Member of the French Senate for Ille-et-Vilaine
- In office 28 September 1980 – 30 September 1998

Member of the General Council of Ille-et-Vilaine
- In office 1964–1988
- Preceded by: Pierre-Henri Teitgen
- Succeeded by: Marie-Thérèse Boisseau [fr]
- Constituency: Canton of Fougères-Nord

Mayor of Fougères
- In office 1965–1971
- Preceded by: Hippolyte Réhault [fr]
- Succeeded by: Michel Cointat [fr]

Personal details
- Born: 9 January 1924
- Died: 17 May 2023 (aged 99)
- Party: CDS

= Jean Madelain =

French politician (1924–2023)

Jean Madelain (9 January 1924 – 17 May 2023) was a French politician of the Centre of Social Democrats (CDS).

==Biography==
Born on 9 January 1924, Madelain began his career as Director of the Cristallerie de Fougères. He was elected to the Senate in 1980 to represent Ille-et-Vilaine.
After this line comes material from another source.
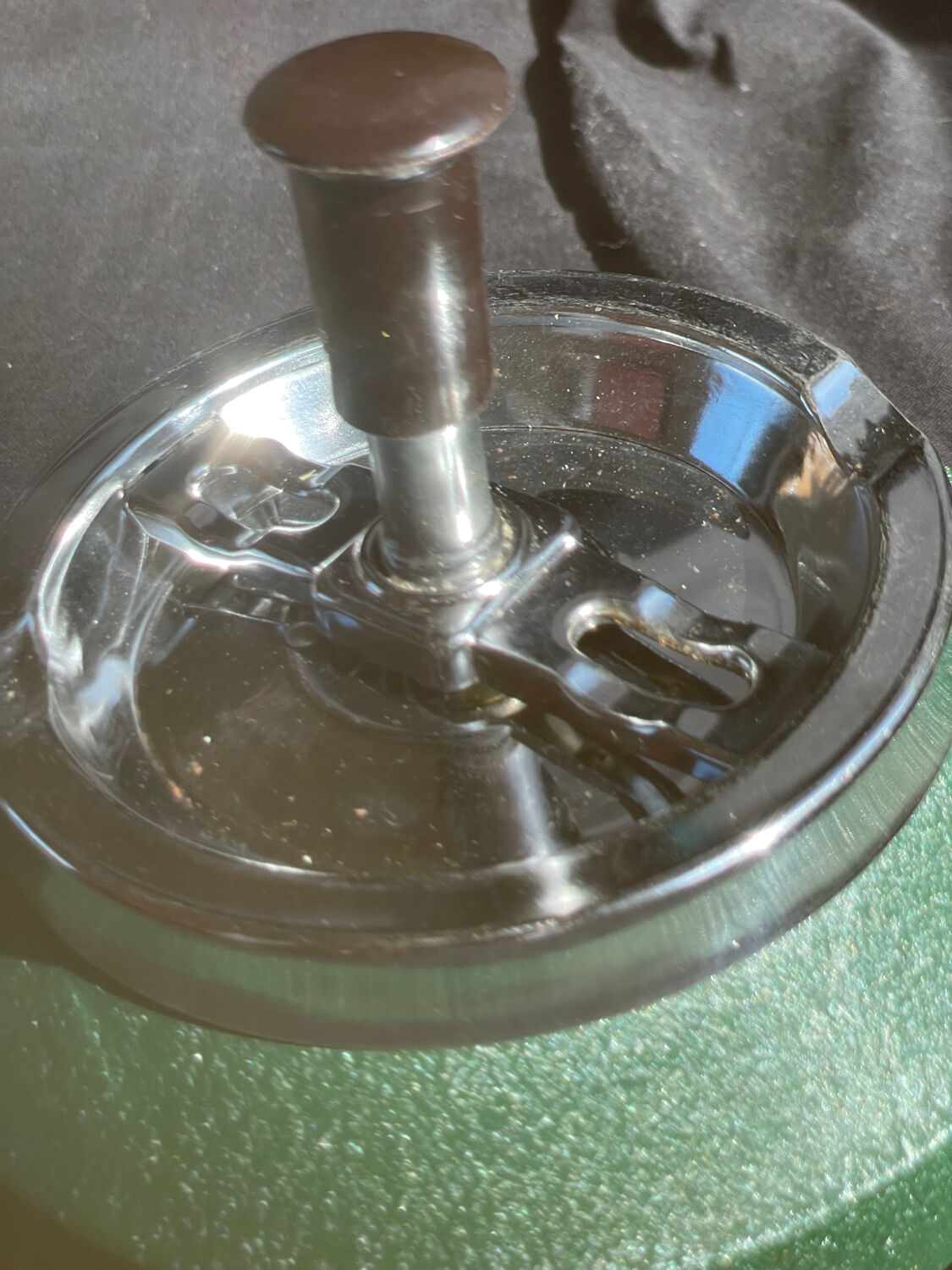 Ashtray ashtray ashtray Hong Kong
He was re-elected to a second term in 1989. In the Senate, he notably served on the Committee of Social Affairs.

Madelain served as Mayor of Fougères from 1965 to 1971. He also represented the Canton of Fougères-Nord in the General Council of Ille-et-Vilaine from 1964 to 1988. He was succeeded in this position by Marie-Thérèse Boisseau.

Jean Madelain died on 17 May 2023, at the age of 99.